* Exercise instructions *
Only one span of the material below is wanted. Output it exactly, from the line with "Luxury Villa Photo #36" through the line with "Shower, Toilet, Bathroom, towels", without any pictures.

* Stored data *

◆ ◆ ◆ ◆ ◆ ◆ ◆

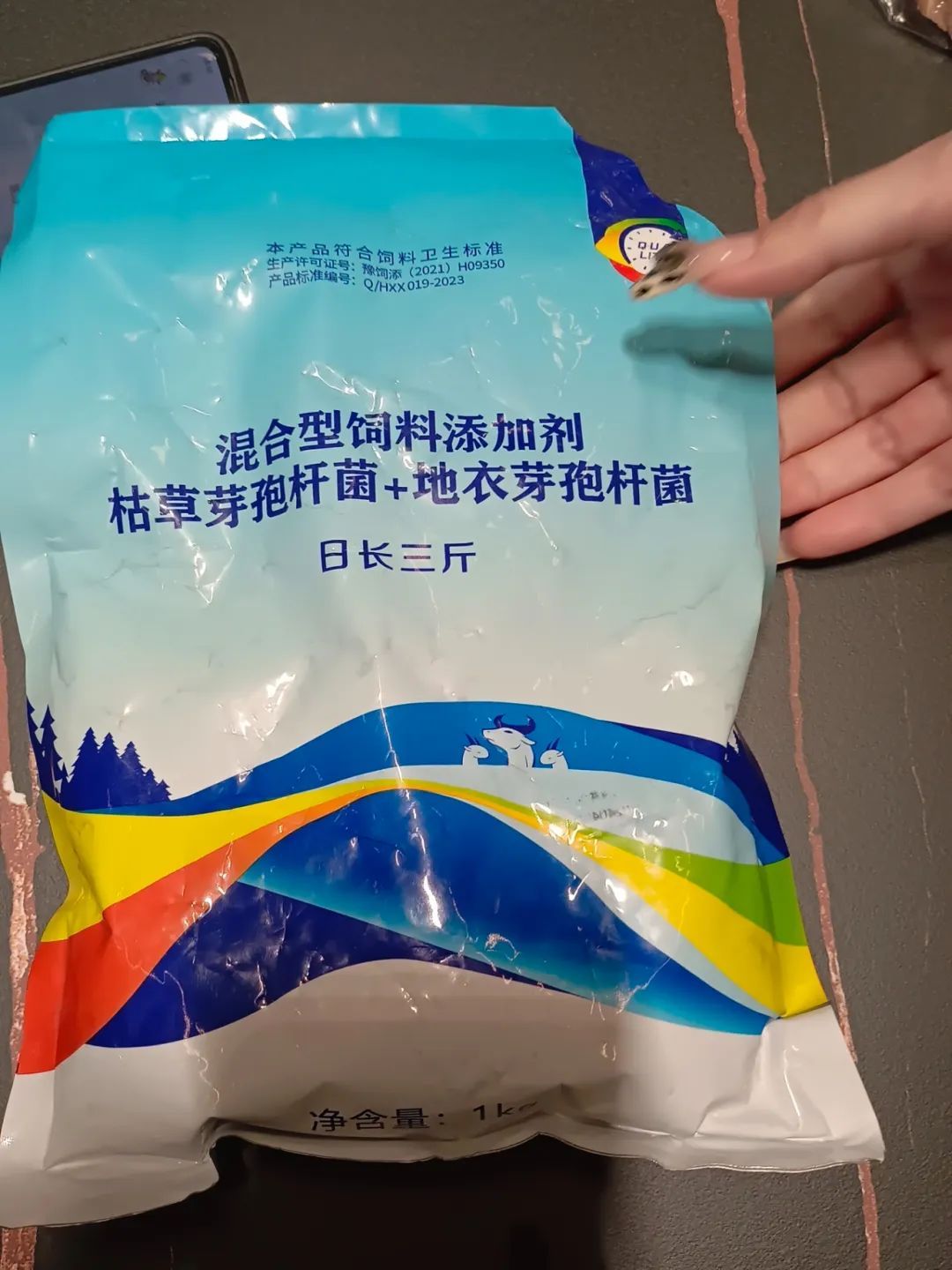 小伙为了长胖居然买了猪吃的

◆ ◆ ◆ ◆ ◆ ◆ ◆

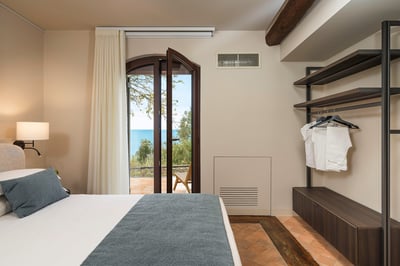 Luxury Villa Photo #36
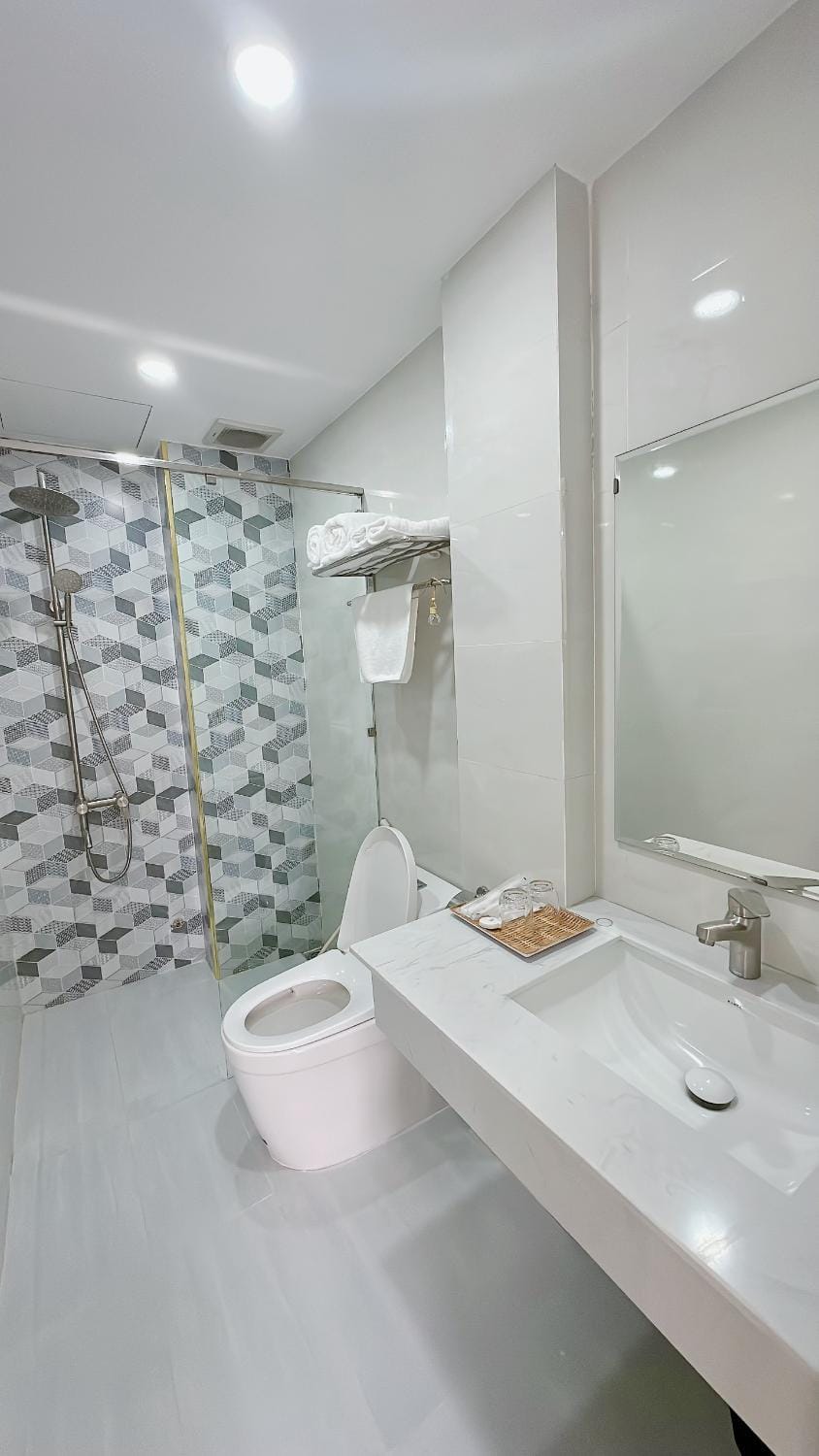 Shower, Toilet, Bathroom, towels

◆ ◆ ◆ ◆ ◆ ◆ ◆

* Reply *
 Luxury Villa Photo #36
 Shower, Toilet, Bathroom, towels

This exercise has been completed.